Michael Foucault’s texts ‘discipline and punish’ describe aspects of the experience as methods of control and surveillance. There is isolation, where I am singled out, removed from discussion and conversation with others, even families are separated briefly and individualized as a prisoner in a cell. There is routine and repetition, each traveler follows a series of steps starting in the home with packing, then the collection of boarding passes, the multitude of opportunities to wait in a queue and the process of security screening. And there is the continuous submission to the airport authorities, your freedom, the permission to board an aircraft can at anytime be impeded by any member of the airport, without a call for reason. The removal of liberties is not by force, but by an acceptance that the only way to fly, is to respect the authorities.
The public spectacle of punishment and humiliation is still somewhat present, pat-downs, bag openings and screenings are all performed in view of the public.

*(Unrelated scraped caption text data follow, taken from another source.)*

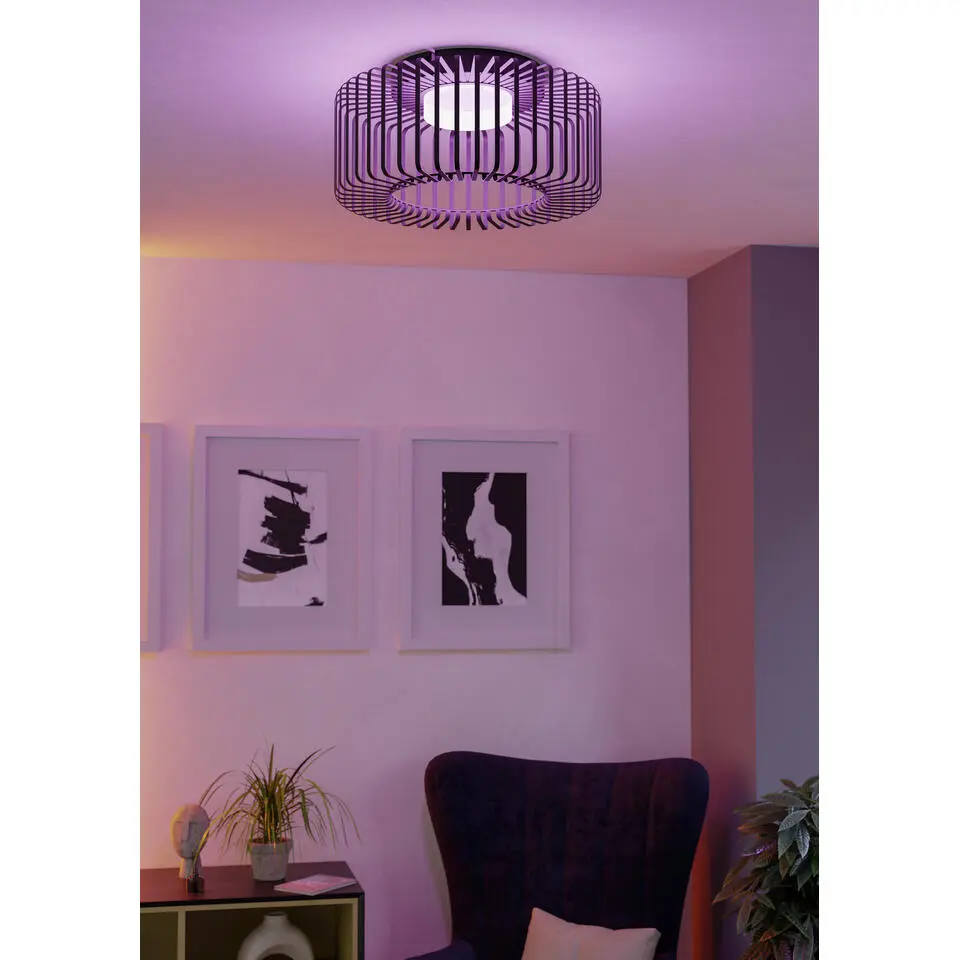 EGLO connect.z Ginestrone-Z Plafondlamp - Ø 45 cm - Zwart/Wit - RGB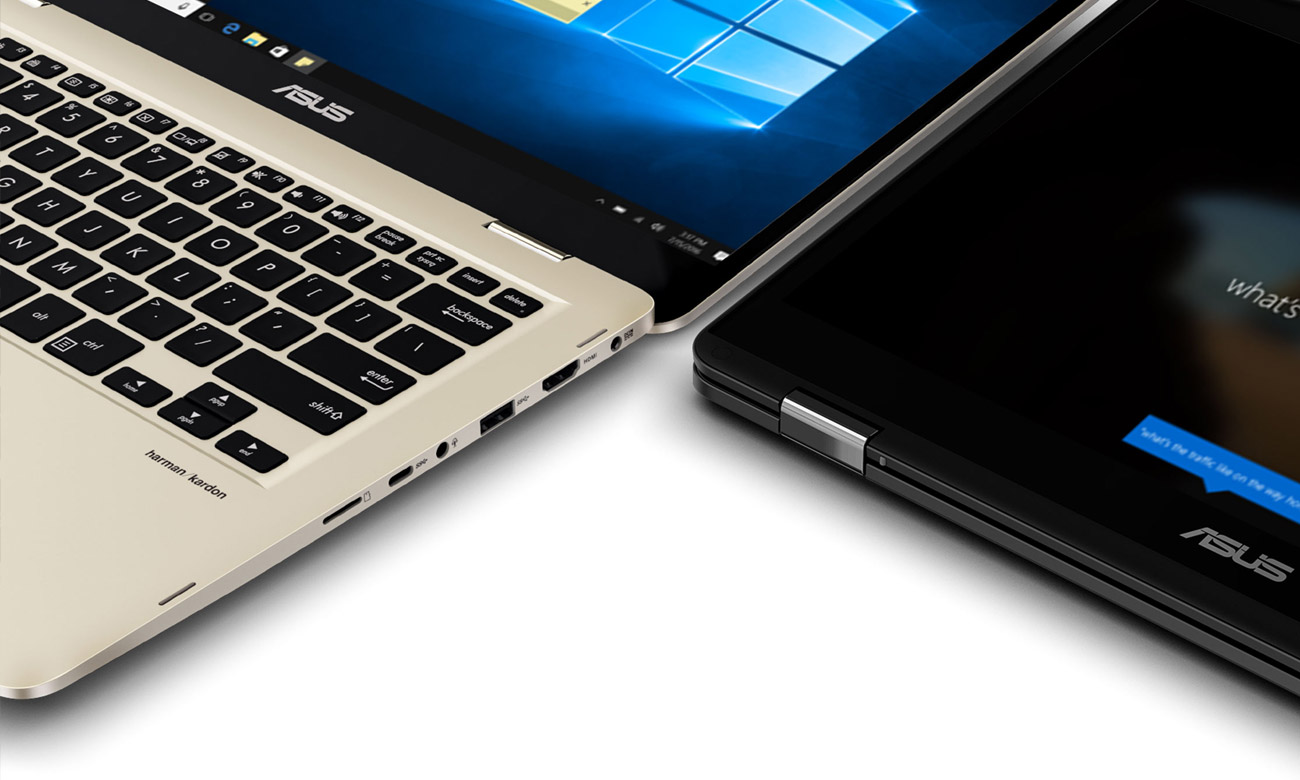 ASUS ZenBook Flip 14 UX461UN Szeroka gama portów, wbudowany czytnik linii papilarnych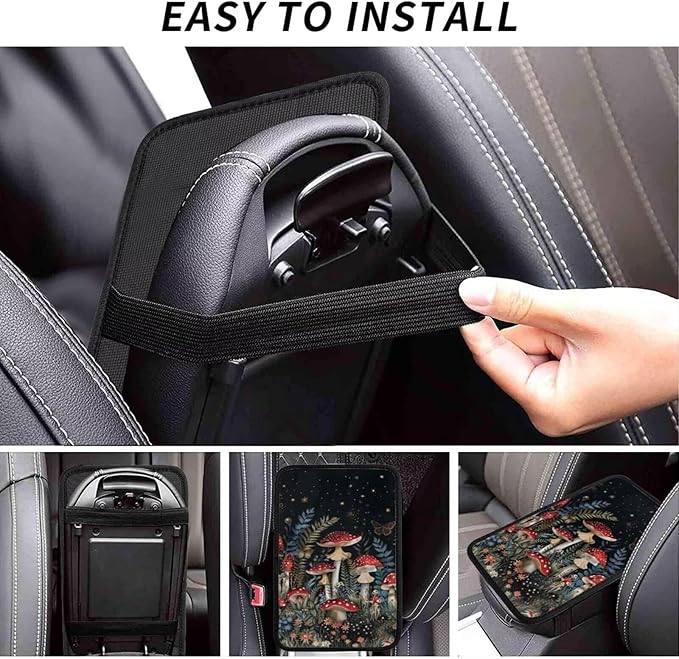 Car Center Console Cushion Pad Mhsoroom Print Universal Armrest Seat Box Cover Protector Black and Red Golden Butterfly Car Decor Accessories Fit for Most Truck Vehicles SUV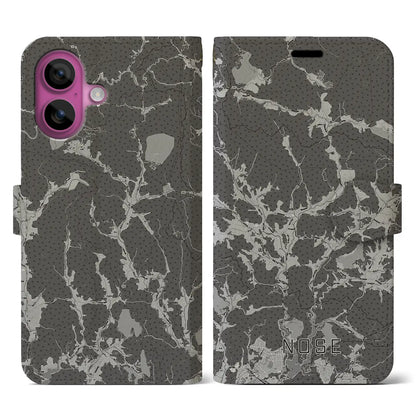 【能勢（大阪府）】地図柄iPhoneケース（手帳タイプ）モノトーン・iPhone 16 Pro 用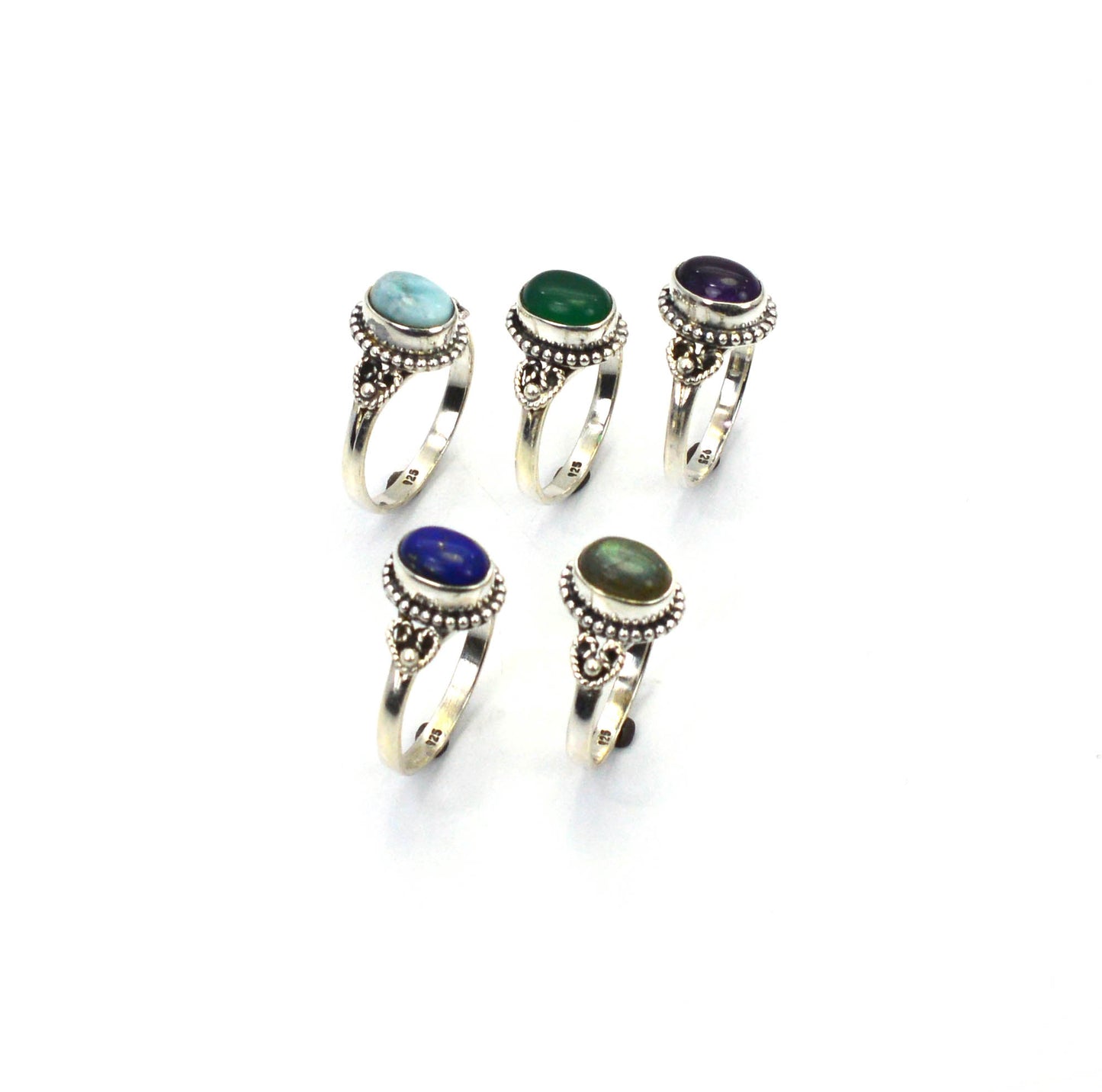 WHOLESALE 5PC 925 SOLID STERLING SILVER BLUE LARIMAR MIX STONE RING LOT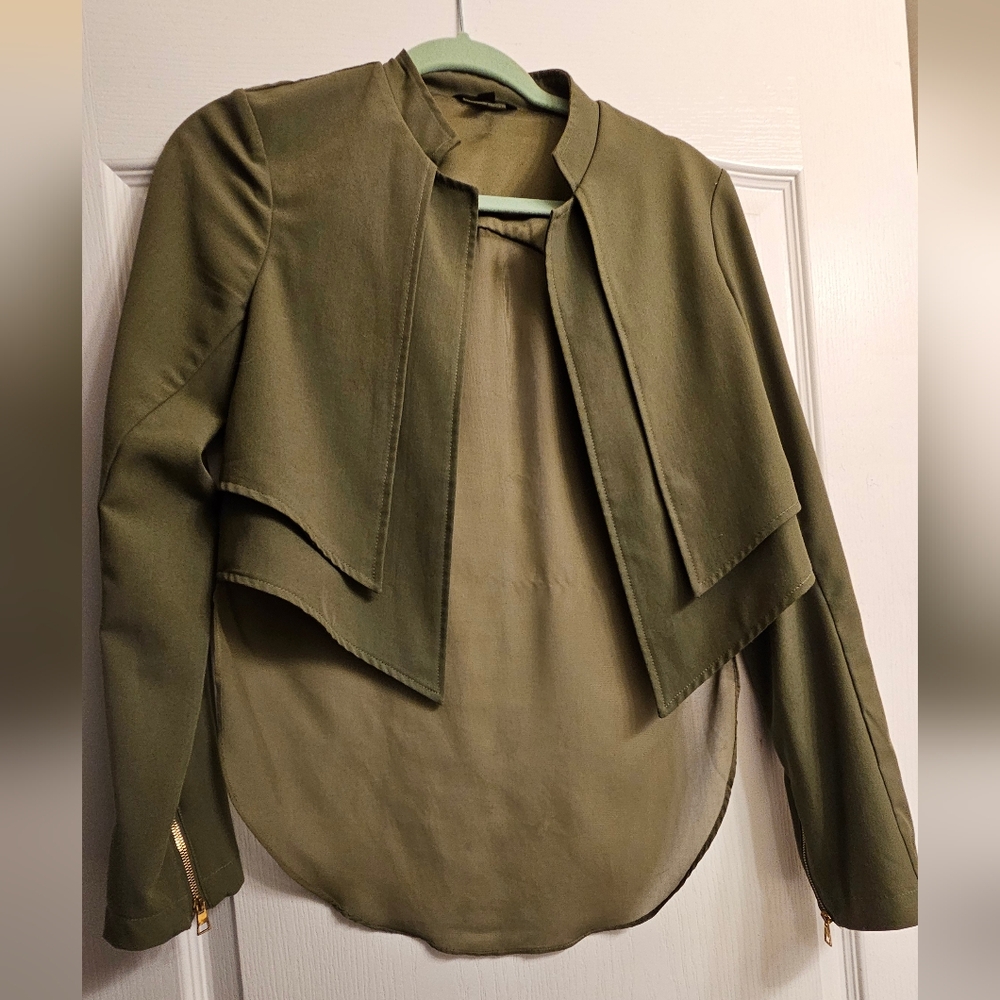 Guess Olive Green Women's Jacket W/ Sheer Flowy Back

The element of the threat of observation is only partially retained in the so-called random searches; the system is more reliant on total control and observation, which in Foucault’s eye may appear to be an archaic method of control.
A greater level of surveillance understanding may be observed in subway networks, where only random checks or inspections are present, and posters dictate the mantra: ‘if you see something, say something.’ The reliance is on the panoptic possibility of observation (random inspectors) as well as the reliance of the public to observe and report suspicious behavior or events.